:: INFORMATION PROVIDED ::

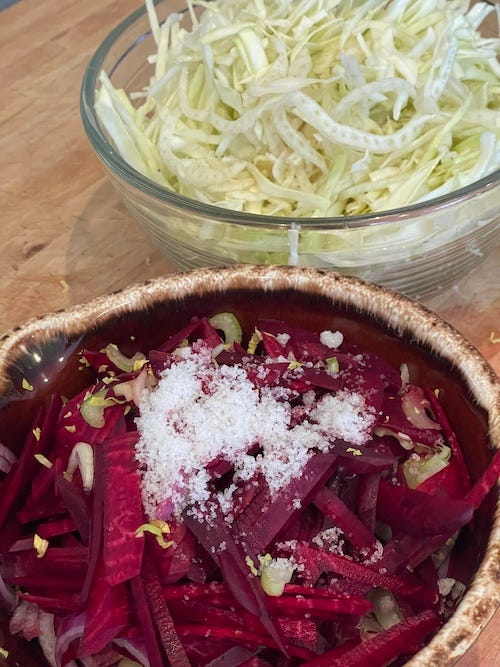Foreground a bowl with slices of beets, celery and red onion with a dash of salt on top. In the background a bowl with shredded fennel and cabbage. 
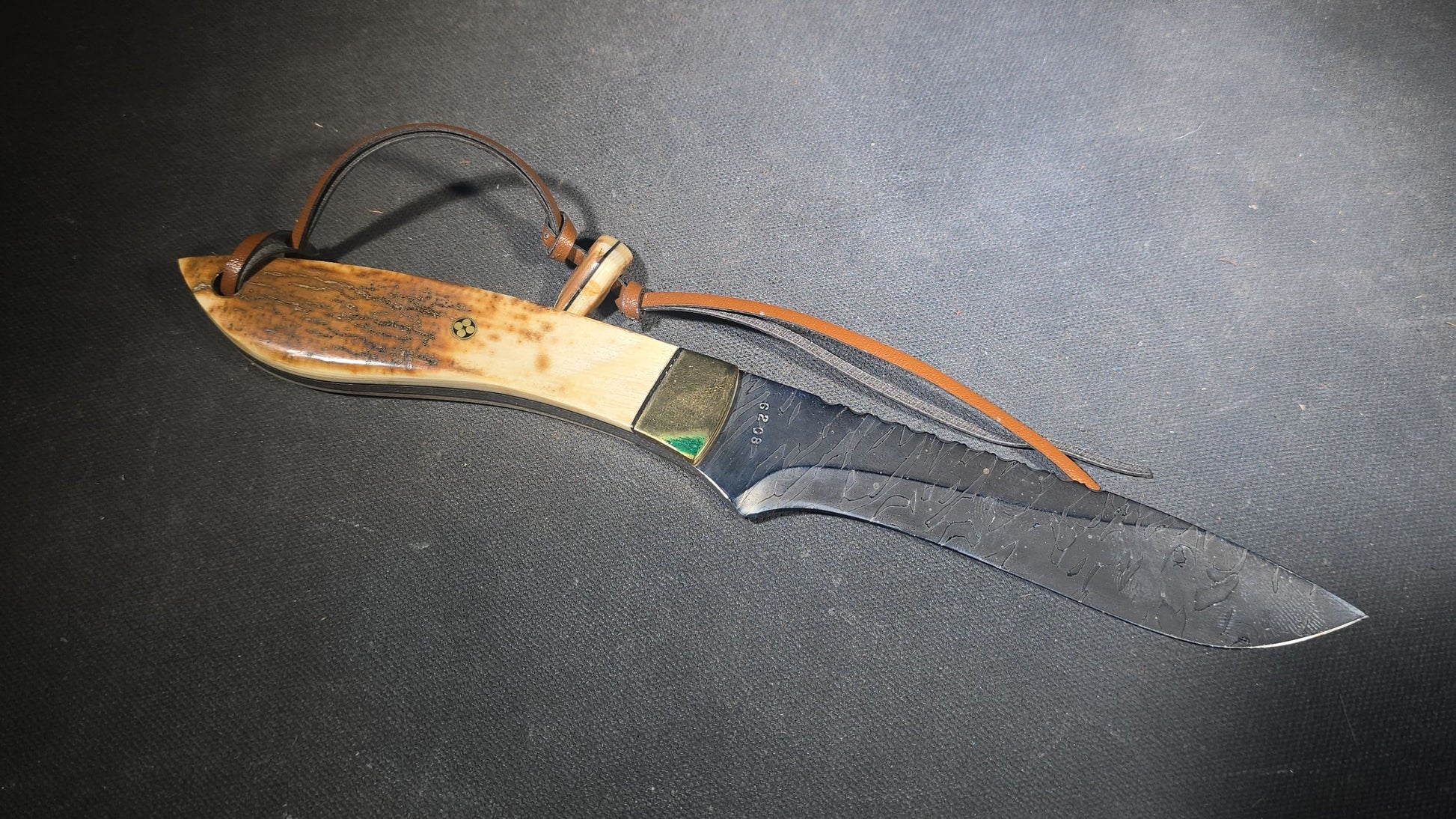 Vintage Damascus Steel Fixed-Blade Knife with Bone Handle, Brass Bolster, and Tooled Leather Sheath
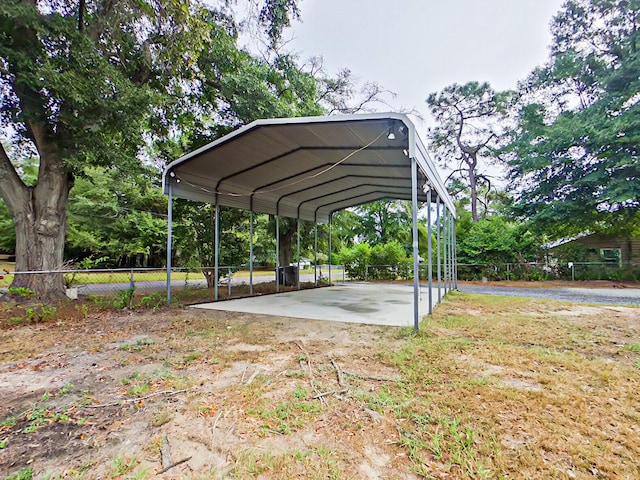 2438 Ridge Rd, Augusta, GA 30906 - view of parking featuring fence and a carport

:: WORK REQUEST ::
Set the listing down exactly, without its pictures.

:: ANSWER BELOW ::
Foreground a bowl with slices of beets, celery and red onion with a dash of salt on top. In the background a bowl with shredded fennel and cabbage. 
 Vintage Damascus Steel Fixed-Blade Knife with Bone Handle, Brass Bolster, and Tooled Leather Sheath
 2438 Ridge Rd, Augusta, GA 30906 - view of parking featuring fence and a carport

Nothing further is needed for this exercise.